→ Assigned task
Please write out exactly the line containing "SEPATU AP TERRA" below and every line after it, through the last one, but leave out any pictures.

(Raw data Opens)

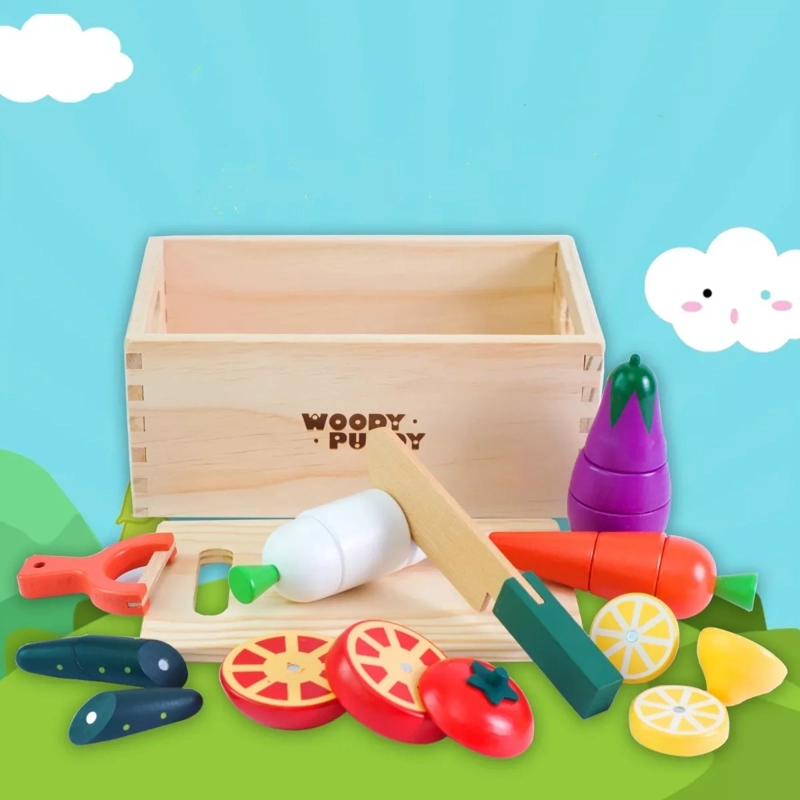 JUEGO DIDÁCTICO MULTICOLOR DE MADERA CORTA VEGETALES Y FRUTAS CON IMAN - 1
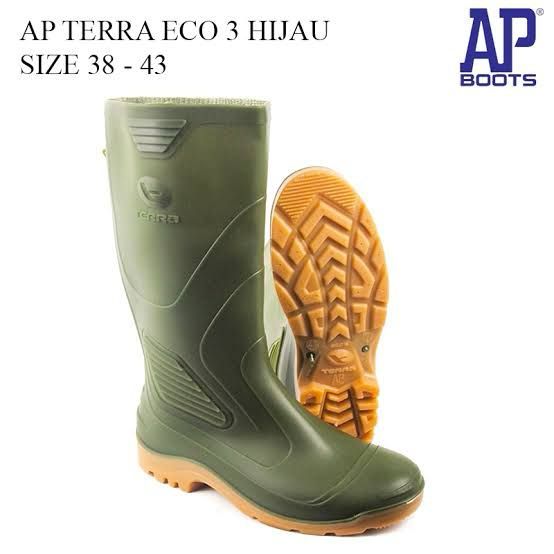SEPATU AP TERRA ECO 3 GREEN 36-43 - SEPATU BOOT SAFETY KARET AP BOOTS PRIA DEWASA PROYEK PETANI PEKE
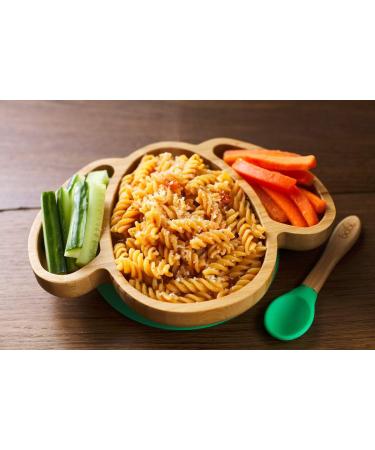 BABI Toddler Large Dog Plate - Natural Bamboo with Silicone Suction Ring (Blue) - Buy Online on GoSupps.com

(Raw data Closes)

→ Task result
SEPATU AP TERRA ECO 3 GREEN 36-43 - SEPATU BOOT SAFETY KARET AP BOOTS PRIA DEWASA PROYEK PETANI PEKE
 BABI Toddler Large Dog Plate - Natural Bamboo with Silicone Suction Ring (Blue) - Buy Online on GoSupps.com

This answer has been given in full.